The commission is suggesting a complete shake-up in highways procurement after discovering only 40% of authorities benchmark their maintenance prices.
Cost discrepancies discovered by the commission included one authority which paid £3.50 for emptying each of 13,000 gullies a year whereas another paid £9.70.
The watchdogs want to see more ‘pain and gain’ clauses in contracts and the shift towards longer and larger deals.
Collaborations like the Midlands Highways Alliance are seen as the future model after saving £13m already for participating authorities.
The report also urges councils to consider asset management plans, such as Cornwall's Transport Asset Management Plan (TAMP), which for an investment of £80,000 is driving consistent levels of service and road condition across the whole county.
Such plans also indicate when best to intervene with works to extend the whole life of a road, typically a maximum of only 20 years.

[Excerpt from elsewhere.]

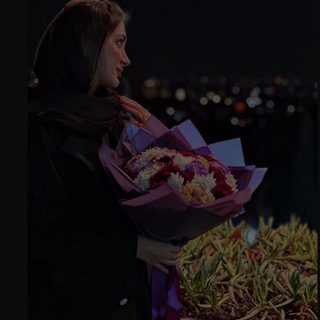 Telegram profile photo for رضایتها،واریزیها🥰💸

The report said there would be a 26% drop in government revenue funding for local authorities and 16% less capital funding via local transport plans over the next three years.
Road traffic is expected to increase by more than 30% by 2025 while damage to roads by utility company roadworks is costing councils nearly £50m every year.
Audit Commission chairman Michael O'Higgins said: "Prevention is better than cure, but councils have to consider the safety and insurance risks of damaged surfaces.
"Roads costs are rising while councils' belts are tightening."
But, he said, councils could be more effective at using the resources they did have.
"Sadly we found collaboration between councils to be rare, with too few councils procuring in cost-saving partnerships," he said.
The report also suggested asset management to show when road maintenance will be most effective, new ways of keeping residents informed, and weighing short-term repairs against long-term resilience.
O’Higgins said: "Pick up any local newspaper and you will see that people care very much about their local roads. Our report aims to help councillors maintain their local network against a backdrop of reduced funding.
"Roads in disrepair can put the brakes on trade, economic prosperity, even emergency services. But a well-maintained network helps people, goods and services to move freely and safely."
Local Transport Minister Norman Baker urged councils to "carefully consider" the report.
He said: "They are best placed to use their local knowledge and experience to decide how to prioritise expenditure across all their services, including their local roads.
"Despite the current severe fiscal restraints, we are providing more funds to councils for road maintenance over the next four years than was provided over the previous four years, more than £3bn in fact.
"We have also allocated an additional £6m to develop a comprehensive and long-term efficiency programme for highways maintenance to help local authorities improve performance. This chimes with the helpful observations in today's Audit Commission report."